The parents (sometimes referred to as the “alpha” pair) are the leaders of the pack, and they express their status with erect posture and tails carried high. The less dominant family members (usually the offspring in the family) exhibit their position through submissive behavior. With lowered tails and posture, less dominant wolves acknowledge their role and rank in the family hierarchy. Pawing, tail tucking, and muzzle-licking are among the submissive gestures expressed by less dominant wolves.
Examples of wolf behavior
- Play: When seeking to play, wolves will dance and bow playfully. Playtime can also include a game of chase, jaw sparring, and varied vocalizations.
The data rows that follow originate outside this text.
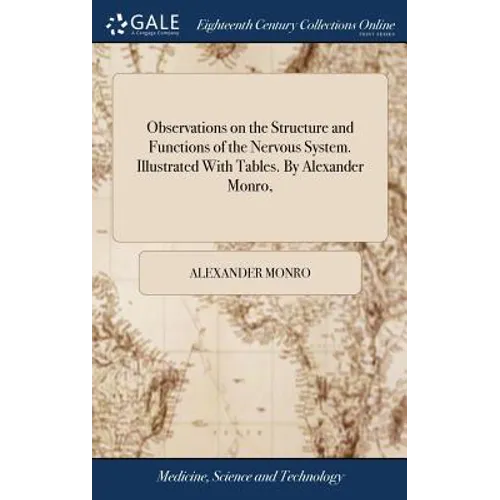 Observations on the Structure and Functions of the Nervous System. Illustrated With Tables. By Alexander Monro, - Hardcover
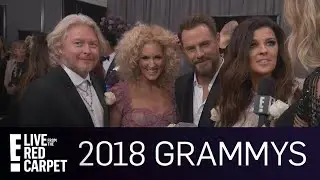 Little Big Town Gush Over Taylor Swift at 2018 Grammys | E! Red Carpet & Award Shows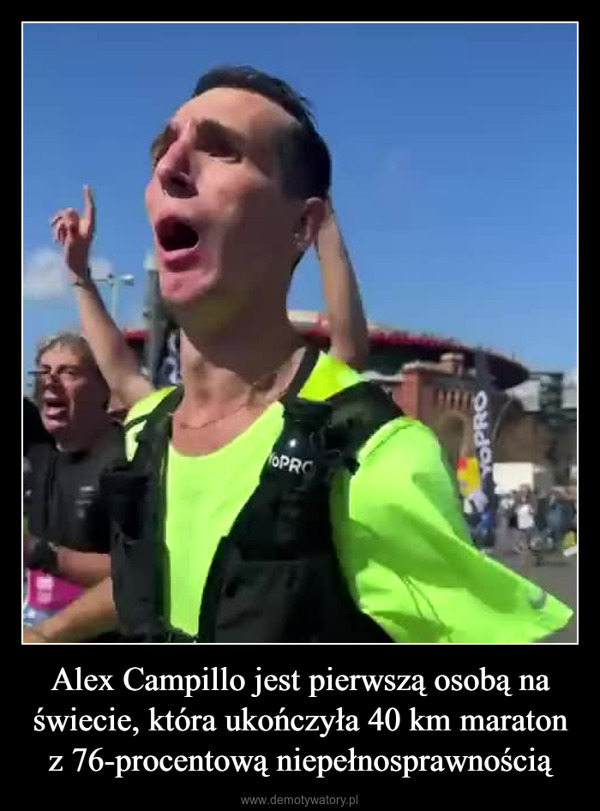 Alex Campillo jest pierwszą osobą na świecie, która ukończyła 40 km maraton z 76-procentową niepełnosprawnością –  OPROYOPRO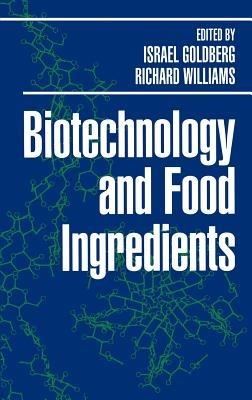 Biotechnology and Food Ingredients - Israel Goldberg,Richard Williams - cover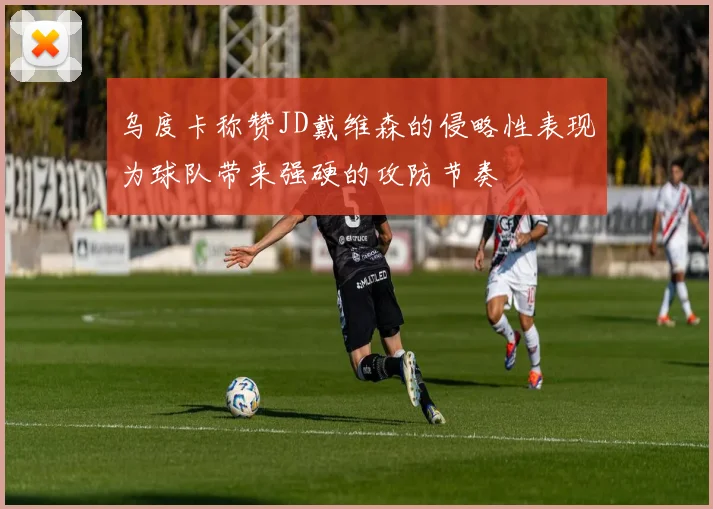 乌度卡称赞JD戴维森的侵略性表现为球队带来强硬的攻防节奏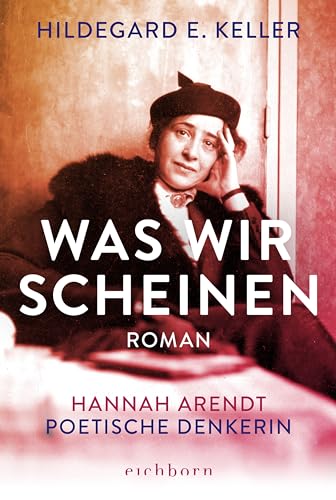 Was wir scheinen: Hannah Arendt. Poetische Denkerin. Roman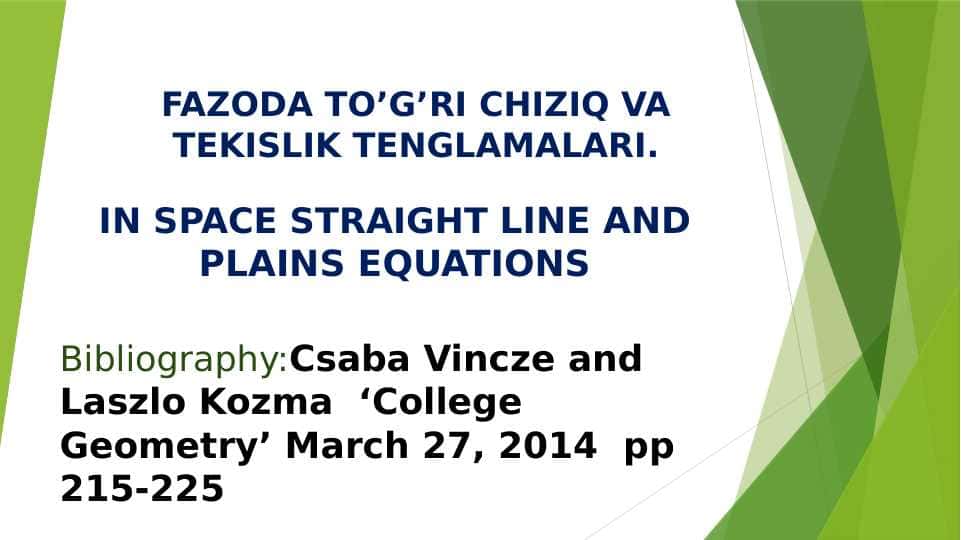 Fazoda to’g’ri chiziq va tekislik tenglamalari
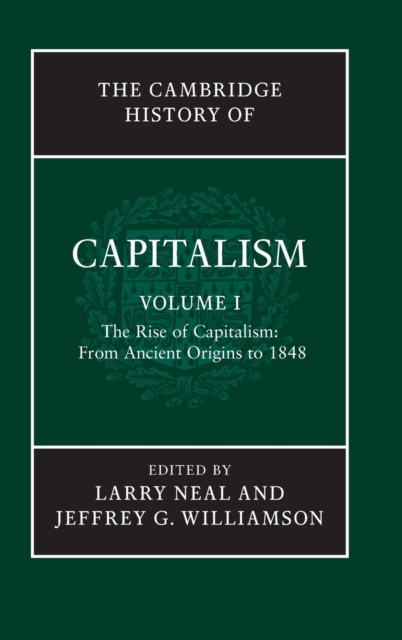 The Cambridge History of Capitalism, Hardback Book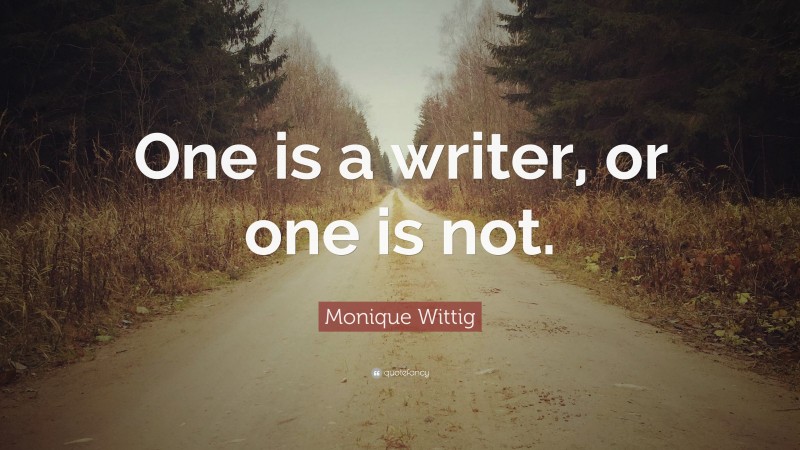 Monique Wittig Quote: “One is a writer, or one is not.”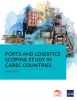 Ports_and_Logistics_Scoping_Study_in_CAREC_Countries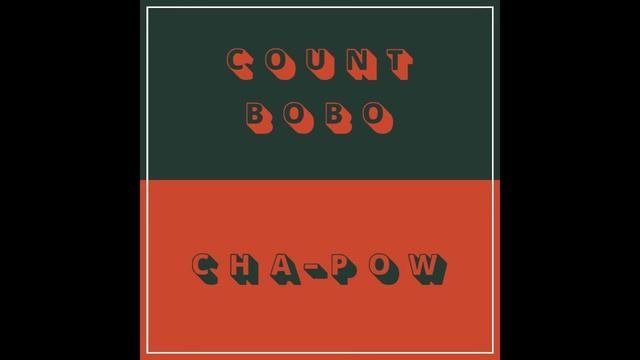 COUNT BOBO - CHA POW (FULL ALBUM)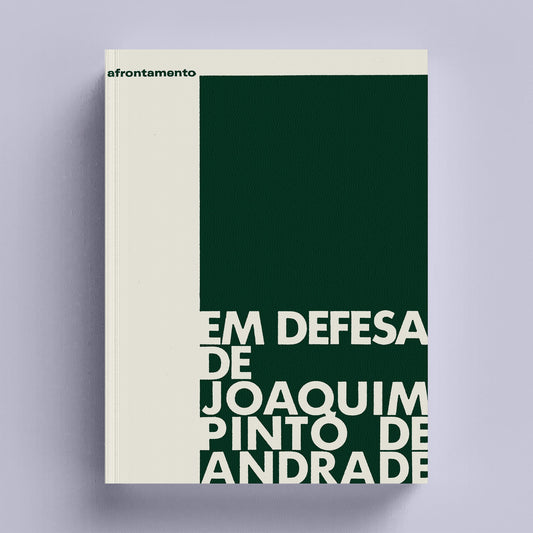 Em defesa de Joaquim Pinto de Andrade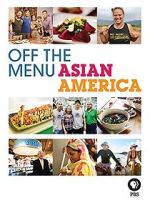 Watch Off the Menu: Asian America Vumoo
For wolves, playtime isn’t only fun, it strengthens family bonds.
- Greeting: Wolf greeting behavior involves tail-wagging, muzzle licking and tail tucking - gestures of intimacy and enthusiasm that reaffirm the unique emotional bonds that shape the foundation of the family.
Communication
Wolves are highly social animals that live in well-organized family units called packs. Cooperative living gives wolf families a number of benefits. It facilitates successful hunting, pup-rearing, defending pack territory, and more. Communication is key to successful group living and wolves communicate effectively in a number of ways.
Although wolves use varied vocalizations to express themselves, if you ask anyone about wolf sounds, it’s likely the howl that comes to mind. Howling helps keep family members (or pack-mates) together. Because a pack’s territory can range over vast areas, it’s not unusual for members of the pack to become separated from one another. Wolves can call to one another over great distances by howling. A howl’s low pitch and long duration is well suited for transmission on the wild landscape – a wolf’s howl can be heard up to 10 miles away in open terrain!
Wolves can howl to locate other wolves, advertise the size of their pack, to warn other family members of danger using a bark howl, and more. Just like us, each wolf has a unique voice so distinctive features of each individual’s howl allow wolves to identify each other. And when every member of the pack joins the chorus, the singular howls and their harmonies give the listener the impression that pack is larger than it actually is.
Researchers have now found that wolves howl more frequently to members of their pack with whom they spend more time thus suggesting a link between relationship quality and howling frequency.
Howling isn’t the only vocalization employed by wolves. They also bark, huff, whine, whimper, yelp, growl, and snarl.
Ecology
An ecosystem is a biological community of interacting organisms and their physical environment. It includes all of the living things interacting with each other and non-living environments (weather, earth, sun, soil, climate, atmosphere) in a given area.
In an ecosystem, all species rely on each other and each organism has its’ own niche or role to play. A keystone species is a plant or animal that plays a disproportionately large role in the ecosystem – impacting both the prevalence and population levels of other species within their community. A keystone species is often, but not always, a predator. Outnumbered greatly by their prey, predators can control the distribution and population of large numbers of prey species.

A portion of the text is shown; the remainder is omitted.